Steps for Patching Data

  1. Gather all mass data for the seven aerosol species in the revised (RHR2) IMPROVE light extinction algorithm for a site. Include data for the target year being considered and the four previous years (or as many as are available if fewer than four).
  2. Set negative values to “0”. Make sure units are consistent.  Prior to 2011, XRF or PIXE values below MDL are set to MDL/2.
  3. Calculate the median concentration of each aerosol species for each quarter for the target year and previous four years.
    1. Only consider quarters with at least 50% valid observations and fewer than 10 consecutive invalid samples. This rule is applied to each species separately; e.g., a given quarter could be usable for sulfate but not soil.
  4. Calculate the mean of five quarterly medians for each species for the target year and four previous years.
    1. These means for each quarter become the candidate patch values to be tested.
  5. For up to five years being considered, select all days with all valid species. Calculate reconstructed light extinction, including Rayleigh scattering, using the revised IMPROVE light extinction algorithm.  Replace a single species’ actual mass measurement with its candidate patch value and recalculate the day’s reconstructed light extinction using the patch value.
  6. Determine the number of times the difference between the original light extinction and the recalculated extinction based on the candidate patch value is less than 10% of the original reconstructed extinction.
  7. If the difference calculated for a species in step 6 is less than 10% for 90% or more of the tested sample days, then patching is allowed for that species for all four quarters of the target year.
    1. The candidate patch values are applied quarterly.
  8. Patch values replace any missing occurrence of that species, not just sample days with all valid species. When patching is allowed, missing values of a species are replaced with the allowed quarterly patch value.
    1. After patching, set the “_subbed” flag for that species to “1” (“0” means valid measurement, and “2” means substitution was performed, not patching.).
  9. The data can now be used to determine final data completeness and haziest day RHR metrics as well as impairment-based RHR metrics.

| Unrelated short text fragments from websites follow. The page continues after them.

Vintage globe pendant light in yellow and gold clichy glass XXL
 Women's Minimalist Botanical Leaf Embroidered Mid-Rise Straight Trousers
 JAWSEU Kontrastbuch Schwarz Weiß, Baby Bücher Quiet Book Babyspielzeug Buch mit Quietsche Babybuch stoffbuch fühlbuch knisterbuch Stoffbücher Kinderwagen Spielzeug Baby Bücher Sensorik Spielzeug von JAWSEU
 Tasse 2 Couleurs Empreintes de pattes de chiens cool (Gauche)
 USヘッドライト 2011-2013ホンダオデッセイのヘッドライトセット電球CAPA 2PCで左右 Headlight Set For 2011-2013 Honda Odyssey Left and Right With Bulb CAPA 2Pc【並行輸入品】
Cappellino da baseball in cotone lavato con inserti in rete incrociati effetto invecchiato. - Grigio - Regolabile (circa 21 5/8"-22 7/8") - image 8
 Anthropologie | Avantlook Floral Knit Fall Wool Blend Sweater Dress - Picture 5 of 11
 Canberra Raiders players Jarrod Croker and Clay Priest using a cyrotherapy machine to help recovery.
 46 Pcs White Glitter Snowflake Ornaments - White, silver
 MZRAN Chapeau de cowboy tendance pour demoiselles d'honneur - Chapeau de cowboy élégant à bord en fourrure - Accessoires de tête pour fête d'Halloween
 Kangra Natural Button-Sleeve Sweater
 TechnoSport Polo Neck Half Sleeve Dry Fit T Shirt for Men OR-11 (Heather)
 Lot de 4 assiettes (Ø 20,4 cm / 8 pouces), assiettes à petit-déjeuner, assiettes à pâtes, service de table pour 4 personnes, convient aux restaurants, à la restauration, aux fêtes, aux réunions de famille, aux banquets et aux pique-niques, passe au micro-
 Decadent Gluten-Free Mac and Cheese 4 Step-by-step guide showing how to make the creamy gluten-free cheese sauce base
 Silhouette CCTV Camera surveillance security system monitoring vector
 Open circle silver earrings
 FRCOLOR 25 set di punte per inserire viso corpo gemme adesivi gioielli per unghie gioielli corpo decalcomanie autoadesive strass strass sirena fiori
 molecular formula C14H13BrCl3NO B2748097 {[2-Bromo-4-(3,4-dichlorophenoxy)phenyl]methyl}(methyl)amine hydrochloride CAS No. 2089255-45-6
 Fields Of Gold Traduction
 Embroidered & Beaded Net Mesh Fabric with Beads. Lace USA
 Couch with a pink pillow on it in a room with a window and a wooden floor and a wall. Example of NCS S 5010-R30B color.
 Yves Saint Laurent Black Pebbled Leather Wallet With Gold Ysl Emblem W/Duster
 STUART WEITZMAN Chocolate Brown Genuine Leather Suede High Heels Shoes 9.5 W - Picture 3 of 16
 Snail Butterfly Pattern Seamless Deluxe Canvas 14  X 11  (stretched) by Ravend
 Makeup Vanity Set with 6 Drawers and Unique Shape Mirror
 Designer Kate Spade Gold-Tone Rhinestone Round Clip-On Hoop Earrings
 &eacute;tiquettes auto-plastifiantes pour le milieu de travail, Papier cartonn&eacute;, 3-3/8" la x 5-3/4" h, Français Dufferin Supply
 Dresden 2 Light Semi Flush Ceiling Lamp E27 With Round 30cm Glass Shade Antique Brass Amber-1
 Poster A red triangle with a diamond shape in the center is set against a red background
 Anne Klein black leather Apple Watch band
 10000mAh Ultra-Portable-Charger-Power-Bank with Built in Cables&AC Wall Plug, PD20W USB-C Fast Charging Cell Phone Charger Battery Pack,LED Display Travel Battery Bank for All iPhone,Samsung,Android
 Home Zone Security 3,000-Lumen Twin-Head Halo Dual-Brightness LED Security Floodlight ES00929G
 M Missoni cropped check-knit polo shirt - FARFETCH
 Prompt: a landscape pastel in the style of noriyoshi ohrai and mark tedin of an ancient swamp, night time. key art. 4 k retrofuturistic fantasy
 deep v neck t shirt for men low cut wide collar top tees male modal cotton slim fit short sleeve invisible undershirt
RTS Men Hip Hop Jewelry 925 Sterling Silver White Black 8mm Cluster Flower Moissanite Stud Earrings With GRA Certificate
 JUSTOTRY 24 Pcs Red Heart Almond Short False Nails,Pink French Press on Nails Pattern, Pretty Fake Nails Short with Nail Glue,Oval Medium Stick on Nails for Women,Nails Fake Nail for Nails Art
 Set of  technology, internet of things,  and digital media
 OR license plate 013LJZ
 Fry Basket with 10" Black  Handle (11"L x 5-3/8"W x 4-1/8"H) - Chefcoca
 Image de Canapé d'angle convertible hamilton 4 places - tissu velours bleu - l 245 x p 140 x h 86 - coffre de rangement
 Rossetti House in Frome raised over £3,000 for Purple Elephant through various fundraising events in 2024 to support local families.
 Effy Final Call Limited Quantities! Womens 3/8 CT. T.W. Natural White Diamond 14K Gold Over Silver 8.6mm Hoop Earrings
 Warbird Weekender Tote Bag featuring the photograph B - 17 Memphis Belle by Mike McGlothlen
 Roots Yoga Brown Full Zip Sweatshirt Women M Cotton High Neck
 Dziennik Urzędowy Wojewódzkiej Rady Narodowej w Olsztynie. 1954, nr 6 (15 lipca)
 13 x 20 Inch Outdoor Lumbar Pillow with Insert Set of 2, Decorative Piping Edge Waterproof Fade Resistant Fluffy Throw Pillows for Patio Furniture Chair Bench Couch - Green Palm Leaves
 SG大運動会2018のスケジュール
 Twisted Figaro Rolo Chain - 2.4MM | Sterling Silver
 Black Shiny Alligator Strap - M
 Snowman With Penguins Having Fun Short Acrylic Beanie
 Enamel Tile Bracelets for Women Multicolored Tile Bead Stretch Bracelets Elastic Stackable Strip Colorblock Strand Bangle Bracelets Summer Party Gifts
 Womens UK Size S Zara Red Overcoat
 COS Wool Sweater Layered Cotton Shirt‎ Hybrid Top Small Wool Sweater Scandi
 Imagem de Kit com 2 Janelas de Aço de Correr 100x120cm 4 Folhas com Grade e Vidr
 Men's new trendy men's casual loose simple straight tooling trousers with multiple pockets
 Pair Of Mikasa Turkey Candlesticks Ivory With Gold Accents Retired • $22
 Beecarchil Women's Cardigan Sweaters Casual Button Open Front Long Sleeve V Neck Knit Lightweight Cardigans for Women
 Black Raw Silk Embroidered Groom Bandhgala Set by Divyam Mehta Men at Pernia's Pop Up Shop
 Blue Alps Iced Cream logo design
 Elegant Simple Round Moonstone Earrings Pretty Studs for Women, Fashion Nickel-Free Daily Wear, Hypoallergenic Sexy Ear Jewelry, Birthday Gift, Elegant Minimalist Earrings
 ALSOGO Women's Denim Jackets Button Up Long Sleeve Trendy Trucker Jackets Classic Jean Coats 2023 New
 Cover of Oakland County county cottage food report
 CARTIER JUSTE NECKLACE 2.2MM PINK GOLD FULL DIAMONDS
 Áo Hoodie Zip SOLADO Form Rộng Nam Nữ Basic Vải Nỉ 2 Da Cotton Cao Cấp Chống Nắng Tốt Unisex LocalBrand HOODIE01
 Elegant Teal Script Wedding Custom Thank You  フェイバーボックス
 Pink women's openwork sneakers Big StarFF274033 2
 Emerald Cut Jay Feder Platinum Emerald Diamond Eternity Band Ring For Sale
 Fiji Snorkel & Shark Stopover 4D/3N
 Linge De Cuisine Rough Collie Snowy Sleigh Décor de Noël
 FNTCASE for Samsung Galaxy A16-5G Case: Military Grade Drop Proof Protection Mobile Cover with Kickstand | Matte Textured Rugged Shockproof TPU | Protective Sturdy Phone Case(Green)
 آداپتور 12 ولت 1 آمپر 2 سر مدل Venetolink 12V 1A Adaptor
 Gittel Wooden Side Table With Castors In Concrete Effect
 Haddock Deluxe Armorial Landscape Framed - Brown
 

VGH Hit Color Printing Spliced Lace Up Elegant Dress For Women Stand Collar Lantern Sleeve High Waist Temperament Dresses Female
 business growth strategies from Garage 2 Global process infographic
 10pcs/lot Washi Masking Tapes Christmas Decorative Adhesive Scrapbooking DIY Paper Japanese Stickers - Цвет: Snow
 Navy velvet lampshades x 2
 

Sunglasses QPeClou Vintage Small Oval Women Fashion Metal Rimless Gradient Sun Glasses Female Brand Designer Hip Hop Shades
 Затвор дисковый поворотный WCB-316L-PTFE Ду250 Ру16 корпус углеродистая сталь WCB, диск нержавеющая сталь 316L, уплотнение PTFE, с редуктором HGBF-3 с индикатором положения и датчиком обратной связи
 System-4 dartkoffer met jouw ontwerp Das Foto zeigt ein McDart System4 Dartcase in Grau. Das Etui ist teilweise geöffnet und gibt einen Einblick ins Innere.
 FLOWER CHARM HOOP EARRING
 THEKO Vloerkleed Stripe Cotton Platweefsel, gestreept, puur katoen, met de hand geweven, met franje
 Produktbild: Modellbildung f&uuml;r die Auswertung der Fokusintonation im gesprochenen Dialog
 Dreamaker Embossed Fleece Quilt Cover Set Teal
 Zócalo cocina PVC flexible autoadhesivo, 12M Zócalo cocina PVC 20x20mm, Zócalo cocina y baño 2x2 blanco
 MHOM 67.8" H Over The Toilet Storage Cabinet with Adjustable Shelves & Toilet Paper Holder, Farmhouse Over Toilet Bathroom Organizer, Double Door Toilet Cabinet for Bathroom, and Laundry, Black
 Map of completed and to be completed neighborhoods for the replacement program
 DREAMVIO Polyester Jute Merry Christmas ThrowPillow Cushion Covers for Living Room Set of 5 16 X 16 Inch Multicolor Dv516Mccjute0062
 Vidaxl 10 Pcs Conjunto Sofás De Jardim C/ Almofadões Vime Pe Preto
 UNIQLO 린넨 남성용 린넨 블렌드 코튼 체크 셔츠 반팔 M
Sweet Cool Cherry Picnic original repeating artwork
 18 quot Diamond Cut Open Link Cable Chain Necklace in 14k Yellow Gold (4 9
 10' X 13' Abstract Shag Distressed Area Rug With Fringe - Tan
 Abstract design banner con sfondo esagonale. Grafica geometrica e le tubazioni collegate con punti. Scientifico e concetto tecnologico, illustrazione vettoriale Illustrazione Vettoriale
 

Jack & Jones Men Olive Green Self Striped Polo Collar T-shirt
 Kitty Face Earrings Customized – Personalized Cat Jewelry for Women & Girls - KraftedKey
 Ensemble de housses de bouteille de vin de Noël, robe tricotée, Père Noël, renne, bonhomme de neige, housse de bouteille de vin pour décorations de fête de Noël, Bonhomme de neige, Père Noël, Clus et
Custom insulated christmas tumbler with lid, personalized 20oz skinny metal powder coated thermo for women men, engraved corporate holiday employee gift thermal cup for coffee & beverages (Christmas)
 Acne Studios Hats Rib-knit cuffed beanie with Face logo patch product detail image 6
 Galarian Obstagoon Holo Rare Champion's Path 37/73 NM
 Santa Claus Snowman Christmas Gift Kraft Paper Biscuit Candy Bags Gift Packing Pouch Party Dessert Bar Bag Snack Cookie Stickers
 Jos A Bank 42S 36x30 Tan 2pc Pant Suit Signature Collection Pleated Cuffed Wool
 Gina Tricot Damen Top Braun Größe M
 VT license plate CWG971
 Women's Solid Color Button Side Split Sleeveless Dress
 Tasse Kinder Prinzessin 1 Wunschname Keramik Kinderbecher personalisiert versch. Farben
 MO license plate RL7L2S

Extent of Patching Changed in late 2019

Prior to 12/2019, the patching was applied to a maximum of one missing species for any sample day.  Data set versions generated beginning in 12/2019 allow up to two missing species per day to be patched.  This potentially changes the data at every site for the entire data record including natural conditions, 2064 endpoints, and RH2 and impairment metrics.  The changes are generally very small though there are cases where whole sample years now meet the RHR completeness requirement which previously did not.  All versions of the data files are date stamped.  More details are available in this Powerpoint.

Results

Patching and substitution are routinely performed on IMPROVE data that are used to generate regional haze metrics reported through FED (http://views.cira.colostate.edu/fed/) and IMPROVE (https://vista.cira.colostate.edu/Improve/).  Although the patching affects a fairly small subset of all observations, it allows some site-years that otherwise would not to meet completeness requirements.  Patched values can be identified by a “1” value in the “_subbed” flag column, substituted values by a “2”.  It is recommended that patched and substituted values be removed for comparisons with model output or analytical techniques such as PMF, which could be biased by them.

1 U.S. Environmental Protection Agency. Tracking Progress Under the Regional Haze Rule. EPA-454/B-03–004, Washington, DC, September 2003.